Birden önünde babasının çocukken aldığı çember rayında çuf cuf tren belirdi. İçinden uzun şapkalı yuvarlak kırmızı gözlü, kargaya benzeyen bir makinist başını uzattı, sonra siren çaldı, pardon gakladı, trenin bacasından baloncuklar çıktı, karasinekler birer ikişer baloncuklara binip uzaklaştılar.

Bu treni oğluna tanıtacağı için seviniyordu Güneş, ama içine o da ilk kez binecekti.

Trenin koltukları şeker macunundan yapılmıştı, macun uzayıp kısalıyor, birbirine dolanıyordu. Güneş’le oğlu onların üzerinde salıncaktaymış gibi sallandılar.

İlk durağa geldiklerinde istasyon boştu, yalnızca terk edilmiş bisikletler vardı. Oğlu koştu, ilk kez bir bisikletin kornasını çalıyordu, ne güzel bir ses, bir daha bir daha çaldı. Çaldıkça bisikletlerini hatırlayan çocuklar perona koştular. Kornaların kimi kırlangıç oldu, kimi serçe, kimi şahin, özlemle sahiplerine sesleniyorlardı, kavuşan bisikletine binip uzaklaştı.

Güneş ve oğlu ikinci durakta çaresiz kediler, bir köşede sessizce ağlayan cılız köpeklerle karşılaştılar. Sarman boncuk gözleriyle konuştu:

– Benim yerime oyuncak kedi aldılar, onun tüyleri hem yumuşak, hem de dökülmüyormuş, koltuğu pisletmiyormuş.

– Beni de sahiplenip sokağa bıraktılar.

 Sevilmeye hasret başını uzattı Karabaş, kadifeden başını okşadı oğlu. Sonra birini, diğerini.

 Okşadığı hayvanlar sevinçle kuyruklarını dikmeye başladılar, tüyleri savruldukça kuyruklu yıldız olup kayıyordu, ışıldadı renkleriyle gökyüzü. Bütün çocuklar terk ettikleri dostlarına koşmaya başladılar. Oyuncakları ya bozuluyor ya da kırılıp dökülüyordu. Gerçekle sahtenin farkına eski dostlarının yanında varmışlardı salya sümük.
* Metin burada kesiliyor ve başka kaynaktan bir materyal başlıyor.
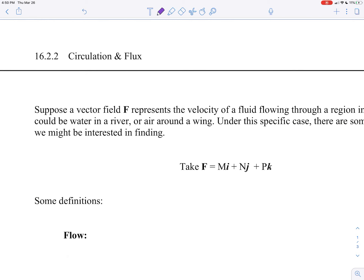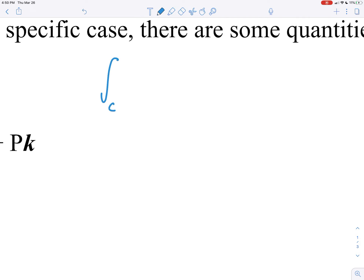To start off chapter 16.2, part two, I want to make a little notational remark - another way to write these line integrals. The way we would write a line integral through a vector field was the integral across the curve C, where our integrand is the vector field written in terms of the curve we're integrating, dotted with the first derivative of the path dt.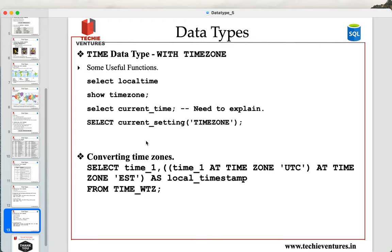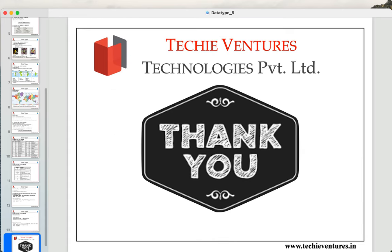I hope you have understood time with time zone and without time zone very clearly. If you want to continue learning SQL, Python, data science, machine learning, and AI, please like and subscribe to my channel. Hit the bell icon to receive notifications for my upcoming videos. Thank you so much for your time and patience. Have a great day ahead.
Yeşil kurbağalar sokakları kapladı. Yuvarlak kocaman gözleri fıldır fıldır, gördükleri tüm gereksiz plastikleri kepçe gibi ağızlarında topladılar.

– Kaç durak var daha anne?

– Bilmiyorum oğlum, kaybettiklerimize bakılırsa yolumuz uzun.

Böylece geçtiler tek tek, sitelerin arasına hapsolmuş oyun parkı yerine bağları bahçeleri kurtardılar. Artık dalından meyvesini koparacakları ağaçlar, çayırlar vardı. Salıncak kurup sallanan çocuklara el salladılar.

Son durağın sireni çalıp indiklerinde bacasından beyaz mendiller tüten bir ev gördüler. Gelmişlerdi işte. Babaannesiyle kapıda kucaklaştılar, korkusuzca. Hatırladı Güneş;

Ne çok oyunumuz vardı bir mendilimiz oldukça, ne çok hırpalamışız doğayı ve kendimizi, plastiklerle, yalanlarla avunmuşuz!

Pencereden ışıklar geliyordu yine yeşil, mor, bunlar babaannesinin perdeleriydi, perdeyi açmasıyla kendilerini yeniden evlerinin oturma odasında buldular. Oğlu elinde beyaz mendil, sesleniyordu;

– Babaanne yine görüşeceğiz, masal evi unutmadık!